Medicine is no different. We’ve known for decades algorithms can beat humans at diagnosis. Nobel Prizes have been given for showing how flawed human intuition is. In fact, the same types of researchers showing this are those who’ve shown algorithms win at investing!

-See The Undoing Project and Thinking, Fast and Slow

Daniel Kahneman, Nobel Prize recipient for showing human intuition flaws, has talked to investors. He has shown a firm, while giving a talk in their building, with their data, their investing was no better than rolling dice. He’s recounted how after the talk an investor came up to him and more or less said, “I’m different.”

Do we really think a doctor isn’t going to say “I know the algorithm says I should refer you to palliative care, but I think we have a different approach here”? And patients won’t fall into it? Why does alternative medicine make billions a year?

I’m actually a long bull on AI. I laugh when people say self-driving cars are a lifetime away. But AI proponents have no clue the amount of inertia they’re dealing with in healthcare.

-> When the deep learning algorithm misidentifies a case, who is responsible? Who can the patient sue? Algorithms may be able to fuck up our elections without repercussions, but have you seen how people respond when you mess with their healthcare?!

This notion doctors are going to be replaced soon, AI is going to transform diagnosis, robots will be doing surgery, is a mirage. AI will infiltrate healthcare, but it will be a brutally slow slog. (It already has been. Deep learning has been around decades.) And much like investing, there’s no guarantee humans fall out completely.

Wait, was deep learning even better than other methods?

The authors, amazingly, didn’t even compare their results to other approaches. While machine learning predictive models are all the rage, predictive models have been around forever.

They do quote various other approaches, but don’t say how effective they are.

You can surmise this is too convenient. If you’re not comparing yourself to others, it wreaks of you didn’t perform any better, if not worse.

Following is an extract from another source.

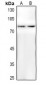 Anti-AKT (pT450) Antibody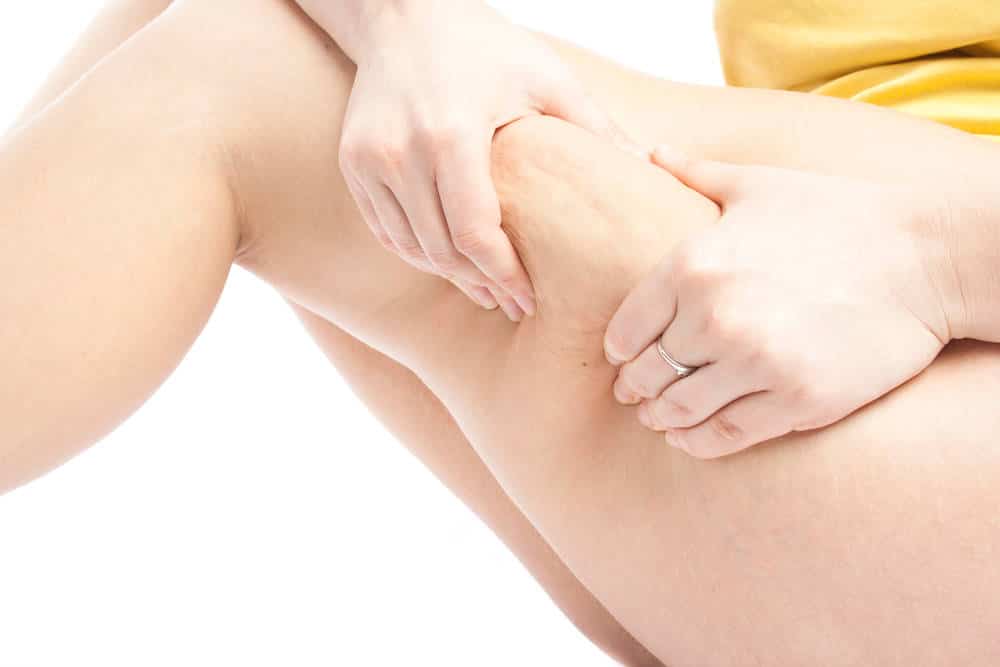 cellulite treatment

Feel free to take a deeper look if you want (the paper is surprisingly accessible), but just looking at the abstracts and you can see their numbers largely match up with those they cited. Again, if there was some drastic leap in predictive ability, you’d imagine they’d mention it (and some media outlets would have picked this story up; only one did).

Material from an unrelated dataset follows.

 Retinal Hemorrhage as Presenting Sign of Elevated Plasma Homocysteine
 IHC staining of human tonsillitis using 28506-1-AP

-> For the more technical reader, their ROC curve was basically the same as here and here. By the way, these papers are at least a few years old. Back to that healthcare inertia problem- implementing an approach can be harder than coming up with the approach. How do we get people to actually use an algorithm?

There was something noteworthy

One of the biggest impediments to deep learning vs other predictive models is it can be very hard to tell someone why a result spit out.

For instance, in many predictive models, humans set how important each factor is. So you can easily tell a patient or doctor, “These two variables are the most important. They’re predominantly why we recommend this approach.”

Deep learning you can’t always do that, because you don’t always even know what the hell the thing is looking at.

There is one little trick these authors did to get around this. After inputting,

  • age
  • gender
  • diagnoses
  • treatments
    • scans
    • drugs

and getting a result, they could go back and change say, the number of treatments, and see how that changed the results. So they could get a picture for what the algorithm was weighing as most and least important. A patient might ask,

“Is it because of how many drugs we’ve tried?”

And they can change the number of drugs from e.g. 5 to 1, and see how the result changes.

Not Earth shattering, but this is a very important step for trying to give advice to doctors and patients.

“The algorithm says so”

isn’t going to suffice as an explanation to put someone in end of life care.